Everything from the first line of the entries below through the line holding "2nd image of 152 Manhattan Ave #3AA" must be printed exactly as written.

■ EXTRACTED MATERIAL
□ □ □ □ □ □ □

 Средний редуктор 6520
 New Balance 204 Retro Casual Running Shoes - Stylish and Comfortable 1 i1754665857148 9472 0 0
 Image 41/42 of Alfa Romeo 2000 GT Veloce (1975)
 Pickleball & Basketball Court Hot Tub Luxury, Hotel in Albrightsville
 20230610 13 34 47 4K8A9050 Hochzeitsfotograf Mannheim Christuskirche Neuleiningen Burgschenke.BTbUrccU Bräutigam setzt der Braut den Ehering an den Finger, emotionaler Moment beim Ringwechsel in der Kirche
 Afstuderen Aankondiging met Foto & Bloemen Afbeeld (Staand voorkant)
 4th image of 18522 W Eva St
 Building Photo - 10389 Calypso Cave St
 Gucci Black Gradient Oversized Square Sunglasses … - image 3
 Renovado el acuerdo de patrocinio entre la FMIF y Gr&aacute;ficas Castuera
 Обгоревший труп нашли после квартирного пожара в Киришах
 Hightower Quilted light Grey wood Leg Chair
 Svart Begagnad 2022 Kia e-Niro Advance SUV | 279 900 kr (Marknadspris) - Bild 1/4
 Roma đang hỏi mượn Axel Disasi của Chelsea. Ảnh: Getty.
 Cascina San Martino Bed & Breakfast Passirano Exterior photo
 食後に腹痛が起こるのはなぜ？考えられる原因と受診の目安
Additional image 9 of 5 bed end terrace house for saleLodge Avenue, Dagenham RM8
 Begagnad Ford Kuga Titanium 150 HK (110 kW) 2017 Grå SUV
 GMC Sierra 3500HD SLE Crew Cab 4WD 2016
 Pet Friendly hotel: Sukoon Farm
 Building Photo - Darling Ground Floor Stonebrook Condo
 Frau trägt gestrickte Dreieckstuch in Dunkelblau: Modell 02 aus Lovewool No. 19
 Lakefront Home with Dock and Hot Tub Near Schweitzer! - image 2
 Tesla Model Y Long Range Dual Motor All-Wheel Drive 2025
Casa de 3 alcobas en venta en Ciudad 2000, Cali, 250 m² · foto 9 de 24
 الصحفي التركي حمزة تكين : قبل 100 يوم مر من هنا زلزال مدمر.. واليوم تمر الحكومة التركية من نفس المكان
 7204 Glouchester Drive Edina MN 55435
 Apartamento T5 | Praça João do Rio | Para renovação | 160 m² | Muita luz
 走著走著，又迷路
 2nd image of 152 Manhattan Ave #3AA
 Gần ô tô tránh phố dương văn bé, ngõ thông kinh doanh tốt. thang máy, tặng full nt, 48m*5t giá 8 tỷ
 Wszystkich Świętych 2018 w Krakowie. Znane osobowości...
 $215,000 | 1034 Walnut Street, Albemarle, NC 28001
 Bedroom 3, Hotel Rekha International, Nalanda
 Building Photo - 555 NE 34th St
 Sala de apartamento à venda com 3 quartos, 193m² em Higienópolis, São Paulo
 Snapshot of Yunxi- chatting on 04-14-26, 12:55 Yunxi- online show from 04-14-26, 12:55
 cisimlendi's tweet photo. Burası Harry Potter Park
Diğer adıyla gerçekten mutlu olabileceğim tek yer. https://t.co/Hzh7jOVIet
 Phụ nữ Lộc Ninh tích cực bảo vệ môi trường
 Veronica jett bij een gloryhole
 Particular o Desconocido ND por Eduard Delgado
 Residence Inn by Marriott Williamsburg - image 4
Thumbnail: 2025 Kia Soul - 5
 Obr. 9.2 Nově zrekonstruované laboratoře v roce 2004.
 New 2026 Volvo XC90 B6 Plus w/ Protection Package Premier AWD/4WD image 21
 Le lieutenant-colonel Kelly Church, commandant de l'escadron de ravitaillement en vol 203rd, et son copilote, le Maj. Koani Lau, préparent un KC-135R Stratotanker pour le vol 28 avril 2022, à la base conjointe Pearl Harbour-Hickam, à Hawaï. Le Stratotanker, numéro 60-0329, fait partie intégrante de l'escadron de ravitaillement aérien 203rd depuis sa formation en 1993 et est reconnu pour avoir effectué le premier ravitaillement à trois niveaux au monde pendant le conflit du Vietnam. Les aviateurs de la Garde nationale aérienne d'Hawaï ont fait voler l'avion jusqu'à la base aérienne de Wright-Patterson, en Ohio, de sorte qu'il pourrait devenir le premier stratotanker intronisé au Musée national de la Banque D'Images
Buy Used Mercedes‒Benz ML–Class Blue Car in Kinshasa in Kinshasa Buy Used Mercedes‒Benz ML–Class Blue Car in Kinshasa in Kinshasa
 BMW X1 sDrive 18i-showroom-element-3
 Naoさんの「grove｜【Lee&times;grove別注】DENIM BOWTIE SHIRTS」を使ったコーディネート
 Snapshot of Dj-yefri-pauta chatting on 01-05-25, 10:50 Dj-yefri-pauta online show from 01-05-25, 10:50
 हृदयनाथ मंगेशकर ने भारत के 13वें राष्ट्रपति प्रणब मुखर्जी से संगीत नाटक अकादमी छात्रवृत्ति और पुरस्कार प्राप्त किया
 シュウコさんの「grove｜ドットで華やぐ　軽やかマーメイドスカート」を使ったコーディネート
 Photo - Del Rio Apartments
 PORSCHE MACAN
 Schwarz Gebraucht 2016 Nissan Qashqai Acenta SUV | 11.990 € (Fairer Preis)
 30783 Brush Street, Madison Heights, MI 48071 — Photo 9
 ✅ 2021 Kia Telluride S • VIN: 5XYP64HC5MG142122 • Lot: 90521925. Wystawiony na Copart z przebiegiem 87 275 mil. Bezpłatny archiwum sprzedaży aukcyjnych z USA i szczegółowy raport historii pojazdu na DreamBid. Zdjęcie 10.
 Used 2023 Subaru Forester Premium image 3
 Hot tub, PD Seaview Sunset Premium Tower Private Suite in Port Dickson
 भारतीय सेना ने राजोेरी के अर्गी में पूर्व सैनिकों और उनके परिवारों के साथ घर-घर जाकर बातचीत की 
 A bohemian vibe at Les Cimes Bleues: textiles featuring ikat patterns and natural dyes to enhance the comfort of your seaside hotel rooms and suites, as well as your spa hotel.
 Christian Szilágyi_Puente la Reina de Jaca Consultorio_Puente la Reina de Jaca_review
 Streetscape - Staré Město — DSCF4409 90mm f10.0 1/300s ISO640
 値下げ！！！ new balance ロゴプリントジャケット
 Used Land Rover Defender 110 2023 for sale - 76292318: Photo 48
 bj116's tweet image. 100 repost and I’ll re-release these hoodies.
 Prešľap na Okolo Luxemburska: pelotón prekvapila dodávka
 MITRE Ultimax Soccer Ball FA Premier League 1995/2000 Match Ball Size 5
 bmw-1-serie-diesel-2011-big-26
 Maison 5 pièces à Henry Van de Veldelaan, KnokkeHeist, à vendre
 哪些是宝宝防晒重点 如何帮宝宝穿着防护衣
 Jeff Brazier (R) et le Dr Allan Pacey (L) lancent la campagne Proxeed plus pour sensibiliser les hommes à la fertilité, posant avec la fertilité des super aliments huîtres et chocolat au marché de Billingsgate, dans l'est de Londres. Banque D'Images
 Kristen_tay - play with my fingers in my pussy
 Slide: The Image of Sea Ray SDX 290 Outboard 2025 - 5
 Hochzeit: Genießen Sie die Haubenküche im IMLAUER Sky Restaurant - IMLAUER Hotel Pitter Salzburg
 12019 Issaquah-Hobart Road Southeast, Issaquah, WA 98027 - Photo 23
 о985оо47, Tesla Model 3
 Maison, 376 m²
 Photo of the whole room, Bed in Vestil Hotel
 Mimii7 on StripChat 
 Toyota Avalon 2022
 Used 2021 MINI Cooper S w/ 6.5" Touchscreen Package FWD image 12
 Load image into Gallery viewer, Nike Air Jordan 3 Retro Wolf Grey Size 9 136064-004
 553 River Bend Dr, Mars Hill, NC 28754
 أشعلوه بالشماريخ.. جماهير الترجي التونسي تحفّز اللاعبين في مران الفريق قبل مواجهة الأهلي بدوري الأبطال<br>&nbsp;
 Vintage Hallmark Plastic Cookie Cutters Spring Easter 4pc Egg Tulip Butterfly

□ □ □ □ □ □ □

■ RESULT
 Средний редуктор 6520
 New Balance 204 Retro Casual Running Shoes - Stylish and Comfortable 1 i1754665857148 9472 0 0
 Image 41/42 of Alfa Romeo 2000 GT Veloce (1975)
 Pickleball & Basketball Court Hot Tub Luxury, Hotel in Albrightsville
 20230610 13 34 47 4K8A9050 Hochzeitsfotograf Mannheim Christuskirche Neuleiningen Burgschenke.BTbUrccU Bräutigam setzt der Braut den Ehering an den Finger, emotionaler Moment beim Ringwechsel in der Kirche
 Afstuderen Aankondiging met Foto & Bloemen Afbeeld (Staand voorkant)
 4th image of 18522 W Eva St
 Building Photo - 10389 Calypso Cave St
 Gucci Black Gradient Oversized Square Sunglasses … - image 3
 Renovado el acuerdo de patrocinio entre la FMIF y Gr&aacute;ficas Castuera
 Обгоревший труп нашли после квартирного пожара в Киришах
 Hightower Quilted light Grey wood Leg Chair
 Svart Begagnad 2022 Kia e-Niro Advance SUV | 279 900 kr (Marknadspris) - Bild 1/4
 Roma đang hỏi mượn Axel Disasi của Chelsea. Ảnh: Getty.
 Cascina San Martino Bed & Breakfast Passirano Exterior photo
 食後に腹痛が起こるのはなぜ？考えられる原因と受診の目安
Additional image 9 of 5 bed end terrace house for saleLodge Avenue, Dagenham RM8
 Begagnad Ford Kuga Titanium 150 HK (110 kW) 2017 Grå SUV
 GMC Sierra 3500HD SLE Crew Cab 4WD 2016
 Pet Friendly hotel: Sukoon Farm
 Building Photo - Darling Ground Floor Stonebrook Condo
 Frau trägt gestrickte Dreieckstuch in Dunkelblau: Modell 02 aus Lovewool No. 19
 Lakefront Home with Dock and Hot Tub Near Schweitzer! - image 2
 Tesla Model Y Long Range Dual Motor All-Wheel Drive 2025
Casa de 3 alcobas en venta en Ciudad 2000, Cali, 250 m² · foto 9 de 24
 الصحفي التركي حمزة تكين : قبل 100 يوم مر من هنا زلزال مدمر.. واليوم تمر الحكومة التركية من نفس المكان
 7204 Glouchester Drive Edina MN 55435
 Apartamento T5 | Praça João do Rio | Para renovação | 160 m² | Muita luz
 走著走著，又迷路
 2nd image of 152 Manhattan Ave #3AA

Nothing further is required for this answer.